There are a couple of throwaways on this album (the minor-key "Jimmy Jazz," the Stagger Lee update of "Wrong 'Em Boyo," the preachiness of "Lover's Rock") but such is the quality of even these minor pieces that they mesh seamlessly with the whole, creating nothing less than one of truly indispensable albums of the last 40 years. As I said, it's not the best album of all time, but it certainly ranks with the heavyweights. I have no qualms about placing London Calling among the company of the best of The Beatles, Stones, Dylan, and the Who. And neither should you.
on September 23, 2004
London Calling is the greatest rock and roll album ever, bar none. The Clash hit their stride with this record, incorporating their myriad influences into something far greater than the sum of the parts. This was the high point of their career.
As for the Vanilla Tapes: they are a fascinating document of a great band ( might they have truly been the only band that mattered?) pulling together their influences to forge something new. Despite what another reviewer wrote, these tracks have never been bootlegged, so we are all hearing them for the first time.
The booklet is great. It is not slapped together but provides interesting historical documents, such as the Armigideon Times, along with new essays setting forth the background, recording and impact of the album.
The DVD could have used fresh interviews with Mick, Paul and Topper, but even lacking those, it is still interesting and the studio footage is great. I always thought the stories about Guy Stevens' nuttiness in the studio was hyperbole, but if anything, he was crazier than the stories made him out to be.
This is a great re-release of the greatest album ever. Buy it without fear.
on October 7, 2004
When my neighbor came back from a London Christmas vacation in December of '79, I eagerly anticipated a box full of the latest punk rawk from the scene.
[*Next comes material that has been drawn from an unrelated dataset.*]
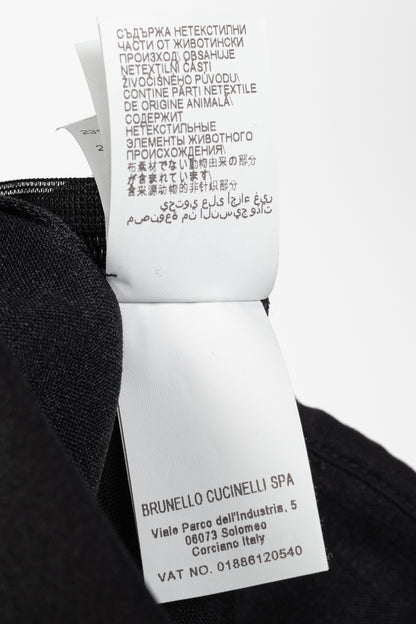 Brunello Cucinelli Grey Stretch-Wool Satin-Lapel Jumpsuit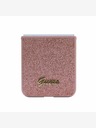 Guess PC/TPU Glitter Flakes Metal Logo Zadní Kryt pro Samsung Galaxy Z Flip 5 Pink Ovitek za telefon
I was presented with just London Calling. "The rest is dead bones rattling in a coffin. THIS album is the one that will never be forgotten."
My neighbor was right.
The rerelease is worthy of investment, not just for the interesting DVD that comes along with it (Westway to the World is the essential movie on the Clash), nor for the marginally interesting "vanilla tapes" cd (very low-fi rehearsals for many of the songs that would become LC). The rerelease of London Calling is worthy of the investment because of the remastering. The full range of instruments used comes out of the background and take their proper place in the mix.
If you were into punk back in the day, you'll remember what this album meant to us. If you haven't listened to it in a while, get this and be amazed at what we missed on vinyl back then. If you've never heard the Clash, this is THE place to start. Not a bad song on the bugger.